Stephen Hawking Thinks Black Holes Don’t Exist
And he’s been trying to tell the rest of us for a decade
Black holes, as they're commonly portrayed, are the universe's trash compactors. The supermassive black hole Sagittarius A*, the dancing duo—they're the product of collapsed stars, regions of unimaginable density where gravity is so strong nothing can escape its grip. Once caught, any victim, whether interstellar voyager or hapless photon, is destined to be slowly but steadily torn apart in an eternal prison where time itself seems to come to a standstill.
Stephen Hawking, one of the physicists who helped pioneer this modern conception of black holes, however, thinks we may have got it wrong. Or, at least, not entirely right. He says that though something like a black hole is certainly out there—there's tons of evidence for them, after all—black holes as they're commonly conceived don't really exist. But their grip, he says, is not quite so enduring or destructive as we thought. Essentially, he wants to do away with the idea of the black hole's iconic “event horizon" and turn this ultimate gravitational cliff into something a little less steep.

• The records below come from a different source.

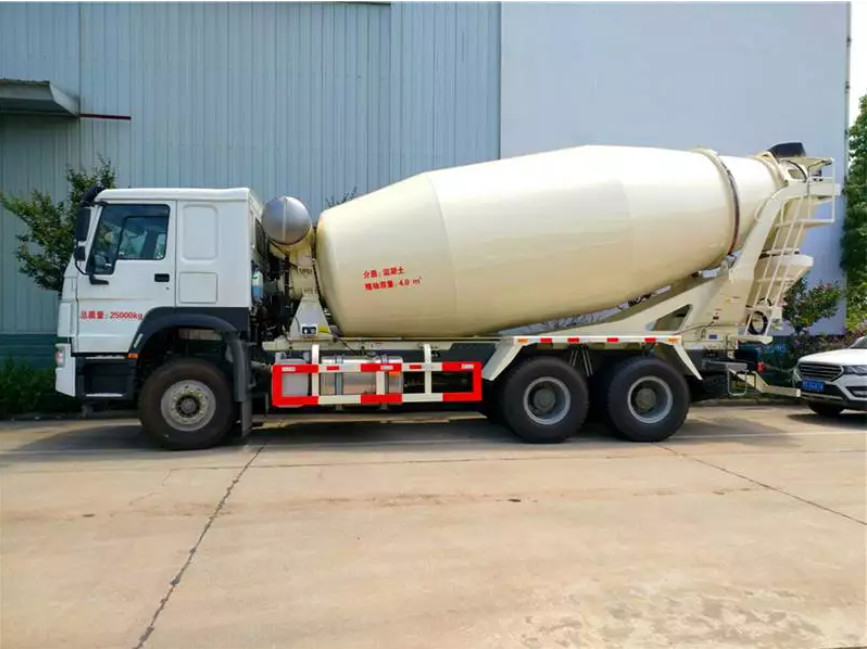 Sinotruk Howo caminhão de mistura de concreto CKD / SKD com capacidade de fornecimento de 15-20 toneladas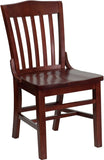HERCULES Series Mahogany Finished School House Back Wooden Restaurant Chair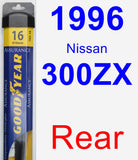 Rear Wiper Blade for 1996 Nissan 300ZX - Assurance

Hawking's rebellion against black holes began back in, at least, 2004. As New Scientist wrote at the time, Hawking talked his way on to the stage at the 17th International Conference on General Relativity and Gravitation to present his new idea.

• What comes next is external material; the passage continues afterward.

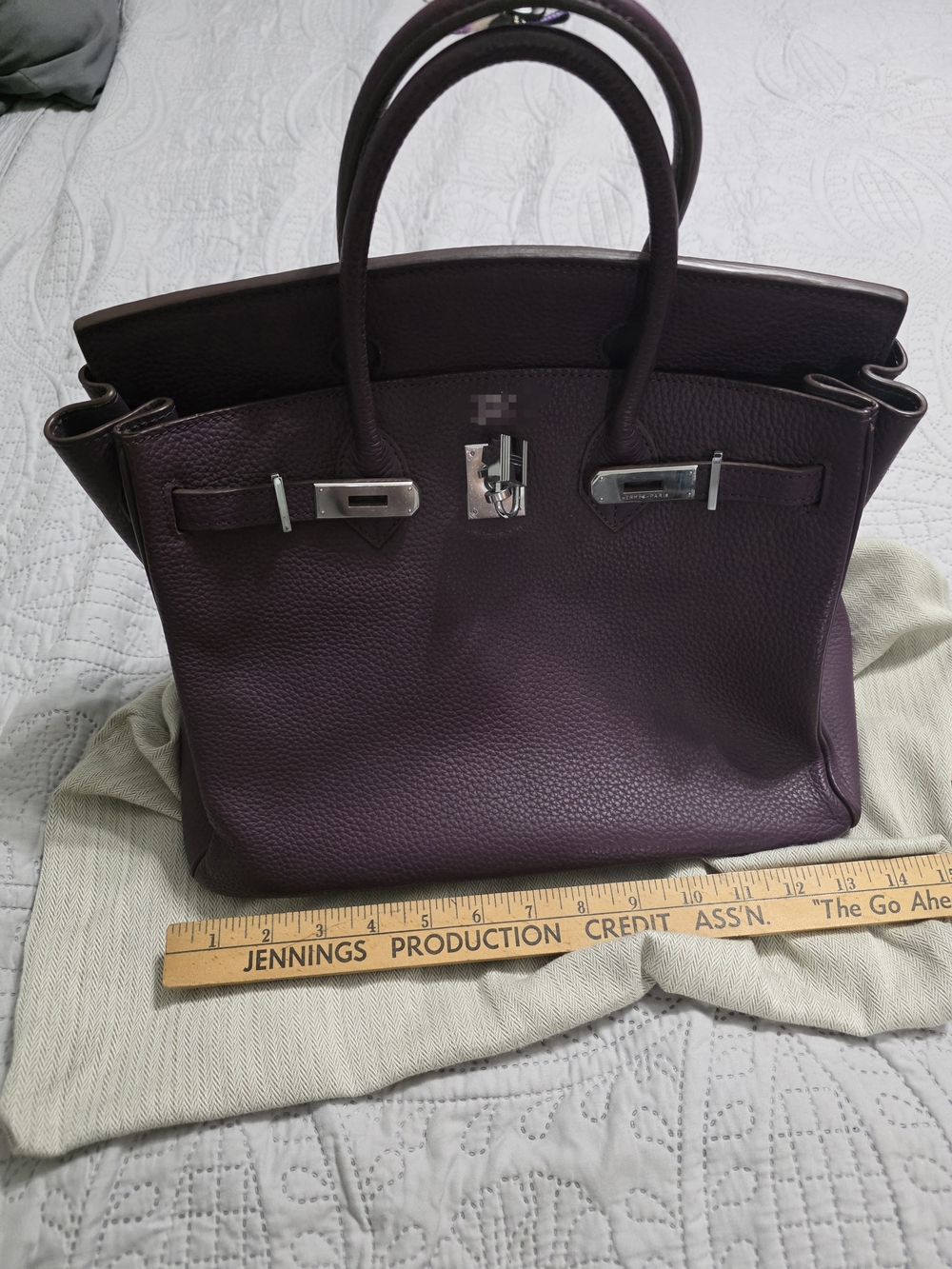 Women’s Handbag in Deep Plum - Classic Structured Tote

"He sent a note saying 'I have solved the black hole information paradox and I want to talk about it'," says Curt Cutler, a physicist at the Albert Einstein Institute in Golm, Germany, who is chairing the conference's scientific committee. "I haven't seen a preprint [of the paper]. To be quite honest, I went on Hawking's reputation."

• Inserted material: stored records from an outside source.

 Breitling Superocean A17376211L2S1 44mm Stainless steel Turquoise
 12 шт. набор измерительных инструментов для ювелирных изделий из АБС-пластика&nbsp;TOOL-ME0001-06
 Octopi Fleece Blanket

Though Hawking has not yet revealed the detailed maths behind his finding, sketchy details have emerged from a seminar Hawking gave at Cambridge. According to Cambridge colleague Gary Gibbons, an expert on the physics of black holes who was at the seminar, Hawking's black holes, unlike classic black holes, do not have a well-defined event horizon that hides everything within them from the outside world.
In essence, his new black holes now never quite become the kind that gobble up everything. Instead, they keep emitting radiation for a long time, and eventually open up to reveal the information within. "It's possible that what he presented in the seminar is a solution," says Gibbons. "But I think you have to say the jury is still out."
Fast forward to today, and Hawking is back. This time, Nature reports, Hawking has a new preliminary study outlining his idea to replace the sharp “event horizon” with a squishier sort of “apparent horizon.”
In Hawking's “new” idea, black holes are less like death pits and more like cosmic prisons: they hold on to matter and information, they break it down and change it, but eventually the swallowed material is set free.
Physicists, says Nature, seem impressed with Hawking's formulation. But there's still one problem. Just like in 2004, Hawking can't actually prove this new concept of black holes one way or another.
A full explanation of the process, the physicist admits, would require a theory that successfully merges gravity with the other fundamental forces of nature. But that is a goal that has eluded physicists for nearly a century. “The correct treatment,” Hawking says, “remains a mystery.”